As sluggish as this economic recovery has been, it would be even worse if the manufacturing sector wasn't humming along. The Institute for Supply Management reported this week that its manufacturing index hit 60.8, well above what industry pundits expected. It's also the highest reading for the index since May 2004. Any number over 50 suggests that the manufacturing sector is expanding.
2011 looks to be a great year for manufacturing. Considering the depths from which it has risen, that's great news. It was only in December 2008 when the index was at 33.3, the lowest point since June 1980. That was only a month after fabricators gathered in Las Vegas for FABTECH, and everyone was still in a somewhat optimistic mood. To say that manufacturing activity dropped off a cliff is truly accurate.
The Fabricators & Manufacturers Association's resident economic analyst Chris Kuehl suggested in a recent article that manufacturing is headed in a positive direction for three reasons:
- Manufacturers have become better managers of their businesses. The laser-like focus on operations has been broadened and resulted in more focus on financial management and engineering.
- They have gotten better at sales and marketing. Because word-of-mouth isn't enough anymore, companies are seeking out new customers, even in foreign markets.
- They have adapted to more challenging times with new technology and a more flexible work force.

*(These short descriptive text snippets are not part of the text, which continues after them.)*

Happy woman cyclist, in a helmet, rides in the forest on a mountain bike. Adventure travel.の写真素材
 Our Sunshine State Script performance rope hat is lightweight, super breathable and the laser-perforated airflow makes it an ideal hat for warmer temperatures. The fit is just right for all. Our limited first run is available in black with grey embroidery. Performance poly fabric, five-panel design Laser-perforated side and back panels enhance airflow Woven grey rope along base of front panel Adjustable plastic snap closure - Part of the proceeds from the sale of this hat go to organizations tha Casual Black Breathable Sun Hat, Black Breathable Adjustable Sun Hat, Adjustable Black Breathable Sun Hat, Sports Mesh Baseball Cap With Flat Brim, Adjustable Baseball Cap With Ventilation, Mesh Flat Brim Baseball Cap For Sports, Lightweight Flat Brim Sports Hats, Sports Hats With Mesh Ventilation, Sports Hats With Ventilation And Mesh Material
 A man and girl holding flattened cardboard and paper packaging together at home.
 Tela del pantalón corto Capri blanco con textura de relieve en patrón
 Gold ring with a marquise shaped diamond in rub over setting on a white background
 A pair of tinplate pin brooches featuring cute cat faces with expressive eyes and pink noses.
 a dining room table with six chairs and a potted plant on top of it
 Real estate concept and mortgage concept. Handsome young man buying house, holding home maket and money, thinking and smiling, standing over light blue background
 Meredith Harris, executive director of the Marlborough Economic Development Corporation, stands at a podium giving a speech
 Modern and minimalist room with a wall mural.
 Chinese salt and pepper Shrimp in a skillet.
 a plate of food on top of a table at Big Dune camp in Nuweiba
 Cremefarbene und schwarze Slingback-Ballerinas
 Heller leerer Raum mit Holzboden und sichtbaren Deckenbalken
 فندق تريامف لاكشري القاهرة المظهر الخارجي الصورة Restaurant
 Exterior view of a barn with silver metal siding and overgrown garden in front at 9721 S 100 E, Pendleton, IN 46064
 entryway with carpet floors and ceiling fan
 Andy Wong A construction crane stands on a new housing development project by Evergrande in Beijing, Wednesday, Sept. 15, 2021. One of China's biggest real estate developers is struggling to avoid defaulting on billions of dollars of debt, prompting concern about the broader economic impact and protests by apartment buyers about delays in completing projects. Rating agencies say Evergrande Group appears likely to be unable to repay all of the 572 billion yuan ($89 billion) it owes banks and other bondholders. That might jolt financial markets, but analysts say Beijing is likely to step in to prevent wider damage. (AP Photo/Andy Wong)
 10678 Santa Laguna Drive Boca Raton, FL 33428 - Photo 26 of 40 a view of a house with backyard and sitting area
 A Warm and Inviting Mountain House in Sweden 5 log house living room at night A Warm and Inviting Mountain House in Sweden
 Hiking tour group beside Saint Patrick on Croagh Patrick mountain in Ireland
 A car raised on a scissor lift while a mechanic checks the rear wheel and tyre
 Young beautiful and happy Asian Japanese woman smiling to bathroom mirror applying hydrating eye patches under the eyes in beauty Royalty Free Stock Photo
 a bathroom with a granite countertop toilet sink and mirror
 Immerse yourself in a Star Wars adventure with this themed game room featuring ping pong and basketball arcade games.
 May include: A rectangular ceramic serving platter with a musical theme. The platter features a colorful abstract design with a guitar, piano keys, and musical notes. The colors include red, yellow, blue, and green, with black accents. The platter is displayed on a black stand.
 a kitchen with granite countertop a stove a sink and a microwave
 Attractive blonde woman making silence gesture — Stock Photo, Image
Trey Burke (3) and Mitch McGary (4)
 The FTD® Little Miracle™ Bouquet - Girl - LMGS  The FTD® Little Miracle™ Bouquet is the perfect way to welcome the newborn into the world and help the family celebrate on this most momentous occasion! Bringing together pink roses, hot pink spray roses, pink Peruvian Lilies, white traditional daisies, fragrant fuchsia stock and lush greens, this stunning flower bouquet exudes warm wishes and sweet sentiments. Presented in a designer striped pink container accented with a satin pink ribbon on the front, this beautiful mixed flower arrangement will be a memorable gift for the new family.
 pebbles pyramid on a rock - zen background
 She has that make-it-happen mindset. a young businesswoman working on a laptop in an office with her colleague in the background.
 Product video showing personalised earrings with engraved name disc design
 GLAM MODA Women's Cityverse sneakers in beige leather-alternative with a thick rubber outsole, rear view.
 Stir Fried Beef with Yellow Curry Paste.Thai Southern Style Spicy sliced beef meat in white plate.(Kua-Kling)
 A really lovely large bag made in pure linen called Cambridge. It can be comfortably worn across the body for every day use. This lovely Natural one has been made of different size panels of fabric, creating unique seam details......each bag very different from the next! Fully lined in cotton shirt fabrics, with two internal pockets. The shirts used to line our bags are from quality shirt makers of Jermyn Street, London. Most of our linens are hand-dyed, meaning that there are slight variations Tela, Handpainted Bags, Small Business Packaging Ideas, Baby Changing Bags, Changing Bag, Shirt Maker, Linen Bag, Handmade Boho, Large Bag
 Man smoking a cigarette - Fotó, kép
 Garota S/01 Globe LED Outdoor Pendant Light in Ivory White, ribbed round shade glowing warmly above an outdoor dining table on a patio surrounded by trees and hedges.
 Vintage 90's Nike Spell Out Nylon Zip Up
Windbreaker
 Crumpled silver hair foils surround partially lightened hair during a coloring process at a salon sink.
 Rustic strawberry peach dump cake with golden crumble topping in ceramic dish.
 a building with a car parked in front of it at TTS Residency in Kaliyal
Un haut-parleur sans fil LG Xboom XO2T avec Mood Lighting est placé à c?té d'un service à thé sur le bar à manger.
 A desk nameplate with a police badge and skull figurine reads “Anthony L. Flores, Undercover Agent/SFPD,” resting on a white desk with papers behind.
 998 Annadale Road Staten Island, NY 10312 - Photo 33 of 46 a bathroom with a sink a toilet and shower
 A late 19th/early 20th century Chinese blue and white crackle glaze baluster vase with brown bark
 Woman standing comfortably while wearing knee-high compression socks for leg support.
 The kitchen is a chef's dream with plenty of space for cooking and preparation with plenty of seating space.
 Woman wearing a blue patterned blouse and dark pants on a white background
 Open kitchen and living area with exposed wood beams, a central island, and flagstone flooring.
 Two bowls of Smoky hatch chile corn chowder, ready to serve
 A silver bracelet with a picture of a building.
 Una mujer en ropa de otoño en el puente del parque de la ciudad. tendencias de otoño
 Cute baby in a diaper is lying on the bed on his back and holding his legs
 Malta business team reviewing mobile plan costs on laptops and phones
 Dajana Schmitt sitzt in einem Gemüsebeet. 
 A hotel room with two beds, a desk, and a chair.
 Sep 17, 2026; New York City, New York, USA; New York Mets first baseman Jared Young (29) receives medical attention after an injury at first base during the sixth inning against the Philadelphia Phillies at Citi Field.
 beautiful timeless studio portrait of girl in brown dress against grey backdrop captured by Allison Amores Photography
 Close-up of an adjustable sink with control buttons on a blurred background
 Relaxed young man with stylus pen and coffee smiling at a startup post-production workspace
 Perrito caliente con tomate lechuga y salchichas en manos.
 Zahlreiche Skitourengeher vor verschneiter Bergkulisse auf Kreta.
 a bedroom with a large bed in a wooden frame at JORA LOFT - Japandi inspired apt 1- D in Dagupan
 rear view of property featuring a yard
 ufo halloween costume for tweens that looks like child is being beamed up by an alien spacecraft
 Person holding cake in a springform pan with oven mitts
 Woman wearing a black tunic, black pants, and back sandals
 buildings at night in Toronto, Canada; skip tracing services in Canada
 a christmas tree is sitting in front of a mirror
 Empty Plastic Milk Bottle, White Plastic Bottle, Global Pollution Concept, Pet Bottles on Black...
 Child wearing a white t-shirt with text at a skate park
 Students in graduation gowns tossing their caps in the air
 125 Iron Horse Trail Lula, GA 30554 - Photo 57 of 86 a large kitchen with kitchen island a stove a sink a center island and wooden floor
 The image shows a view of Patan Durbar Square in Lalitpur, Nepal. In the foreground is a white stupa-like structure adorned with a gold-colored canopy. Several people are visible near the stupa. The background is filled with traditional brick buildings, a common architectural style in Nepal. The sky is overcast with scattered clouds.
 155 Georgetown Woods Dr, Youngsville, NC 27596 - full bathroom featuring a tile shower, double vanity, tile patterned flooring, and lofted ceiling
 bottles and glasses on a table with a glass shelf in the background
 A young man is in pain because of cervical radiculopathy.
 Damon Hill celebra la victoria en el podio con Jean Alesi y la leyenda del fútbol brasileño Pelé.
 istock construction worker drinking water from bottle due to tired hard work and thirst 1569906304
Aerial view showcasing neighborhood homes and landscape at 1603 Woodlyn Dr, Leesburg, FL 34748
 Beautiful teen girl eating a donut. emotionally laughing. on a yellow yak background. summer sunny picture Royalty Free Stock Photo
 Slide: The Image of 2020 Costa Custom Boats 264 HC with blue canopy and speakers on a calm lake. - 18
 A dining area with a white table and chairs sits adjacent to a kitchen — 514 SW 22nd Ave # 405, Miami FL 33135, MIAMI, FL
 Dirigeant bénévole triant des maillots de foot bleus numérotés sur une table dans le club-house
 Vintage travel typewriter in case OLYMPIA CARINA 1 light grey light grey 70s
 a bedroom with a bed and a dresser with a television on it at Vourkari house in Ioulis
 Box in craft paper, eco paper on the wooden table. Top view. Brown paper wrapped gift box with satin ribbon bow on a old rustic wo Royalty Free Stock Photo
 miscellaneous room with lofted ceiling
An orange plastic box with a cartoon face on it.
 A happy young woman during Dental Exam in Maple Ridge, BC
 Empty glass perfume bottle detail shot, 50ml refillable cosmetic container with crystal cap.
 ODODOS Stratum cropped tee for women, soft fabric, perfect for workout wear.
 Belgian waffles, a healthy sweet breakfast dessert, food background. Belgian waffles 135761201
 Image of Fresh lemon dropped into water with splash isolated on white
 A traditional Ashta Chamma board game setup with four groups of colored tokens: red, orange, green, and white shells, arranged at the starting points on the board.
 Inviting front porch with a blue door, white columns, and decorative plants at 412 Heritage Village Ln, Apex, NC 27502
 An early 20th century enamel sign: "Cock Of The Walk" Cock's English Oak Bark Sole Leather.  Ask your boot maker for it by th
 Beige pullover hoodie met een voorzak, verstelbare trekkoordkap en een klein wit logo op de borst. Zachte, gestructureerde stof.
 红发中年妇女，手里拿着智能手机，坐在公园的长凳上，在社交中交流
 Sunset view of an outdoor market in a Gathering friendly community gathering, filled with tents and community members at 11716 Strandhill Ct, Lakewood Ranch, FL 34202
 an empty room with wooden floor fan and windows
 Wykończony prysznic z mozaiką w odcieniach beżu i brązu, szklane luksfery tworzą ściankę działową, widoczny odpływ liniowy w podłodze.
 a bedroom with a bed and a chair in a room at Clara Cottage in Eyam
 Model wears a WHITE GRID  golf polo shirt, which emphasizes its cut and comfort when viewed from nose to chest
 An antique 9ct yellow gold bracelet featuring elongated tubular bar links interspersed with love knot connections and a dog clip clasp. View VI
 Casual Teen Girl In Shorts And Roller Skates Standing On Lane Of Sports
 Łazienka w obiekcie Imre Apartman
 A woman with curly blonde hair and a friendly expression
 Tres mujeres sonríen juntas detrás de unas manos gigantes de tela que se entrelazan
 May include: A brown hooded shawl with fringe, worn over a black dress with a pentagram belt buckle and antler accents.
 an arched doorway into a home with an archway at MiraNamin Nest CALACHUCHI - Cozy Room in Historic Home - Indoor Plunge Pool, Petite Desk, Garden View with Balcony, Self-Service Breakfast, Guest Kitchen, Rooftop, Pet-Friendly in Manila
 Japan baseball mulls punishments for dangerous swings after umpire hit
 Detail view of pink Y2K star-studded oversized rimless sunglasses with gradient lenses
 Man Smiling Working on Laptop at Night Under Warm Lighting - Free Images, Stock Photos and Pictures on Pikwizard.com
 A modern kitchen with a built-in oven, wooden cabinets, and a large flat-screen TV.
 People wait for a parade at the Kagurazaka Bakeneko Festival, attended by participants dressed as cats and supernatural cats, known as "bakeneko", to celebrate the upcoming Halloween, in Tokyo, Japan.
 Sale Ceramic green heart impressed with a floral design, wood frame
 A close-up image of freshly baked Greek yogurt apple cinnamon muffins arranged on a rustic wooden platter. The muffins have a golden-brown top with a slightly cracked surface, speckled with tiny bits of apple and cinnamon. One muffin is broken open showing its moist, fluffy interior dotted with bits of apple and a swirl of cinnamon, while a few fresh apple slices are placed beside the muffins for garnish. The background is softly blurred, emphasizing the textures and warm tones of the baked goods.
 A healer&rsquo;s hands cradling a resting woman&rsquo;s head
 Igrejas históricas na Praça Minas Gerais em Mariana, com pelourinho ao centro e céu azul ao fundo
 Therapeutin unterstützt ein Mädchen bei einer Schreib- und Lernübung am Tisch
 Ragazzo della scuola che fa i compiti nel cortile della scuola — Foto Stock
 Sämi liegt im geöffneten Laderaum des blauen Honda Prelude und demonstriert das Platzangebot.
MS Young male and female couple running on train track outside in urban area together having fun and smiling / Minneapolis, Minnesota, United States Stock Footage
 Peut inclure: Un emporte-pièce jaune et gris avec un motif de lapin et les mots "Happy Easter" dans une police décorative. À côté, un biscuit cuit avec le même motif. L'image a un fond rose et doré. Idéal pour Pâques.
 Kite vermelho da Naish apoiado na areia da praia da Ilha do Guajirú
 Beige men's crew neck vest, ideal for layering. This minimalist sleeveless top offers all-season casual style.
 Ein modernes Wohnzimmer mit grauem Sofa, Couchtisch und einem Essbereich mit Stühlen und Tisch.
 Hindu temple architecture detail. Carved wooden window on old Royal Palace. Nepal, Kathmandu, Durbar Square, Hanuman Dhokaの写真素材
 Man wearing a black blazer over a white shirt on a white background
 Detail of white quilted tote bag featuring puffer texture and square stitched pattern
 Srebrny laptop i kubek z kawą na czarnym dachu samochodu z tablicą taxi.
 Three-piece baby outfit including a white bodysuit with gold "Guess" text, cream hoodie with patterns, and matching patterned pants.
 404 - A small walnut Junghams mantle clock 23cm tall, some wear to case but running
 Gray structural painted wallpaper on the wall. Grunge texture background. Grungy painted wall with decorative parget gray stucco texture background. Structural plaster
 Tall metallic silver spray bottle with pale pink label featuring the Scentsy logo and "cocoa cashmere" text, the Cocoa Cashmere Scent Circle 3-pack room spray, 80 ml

Those are all valid points. I don't doubt a single one. However, I think the real reason manufacturing is rebounding—actually adding jobs for the first time since 1997—is that this is a tangible industry. Manufacturers make stuff, creatr something of value from simple raw material. Everyone understands what a metal fabricator does when they see the final product, not so much when that same fabricator tries to explain what he or she does.
Actually, my co-worker Tim Heston shared this observation with me a couple of months ago, and it's been in the back of my mind every since. Don Begneaud, owner of BEGNEAUD Manufacturing, Lafayette, La., is a staunch believer in this scenario: "We don't do this for the money. We are in the business of creating value," Begneaud told me more than one time over the years.
Think about the service sector jobs that have yet to bounce back to pre-recession totals. Mortgage clerks, real estate agents, money managers—all involve personal interaction and shuffling paper around. They add some value to the transaction, but those positions don't create something tangible and useful.
Of course, we live in a weird society where the Kardashian sisters are rewarded with fame and fortune for something I've yet to figure out and bankers are back to getting their huge paydays. I just lived through my first blizzard, and all I could think of is how thankful I was that the snow blower was running and the city's snow plows were moving snow. I know that fabricators were behind the creation of that equipment, those plows, and those trucks. For two days they proved their worth and overall value to society. I'm still waiting for Khloe, Kim, Kourtney, and Wall Street bankers to do the same.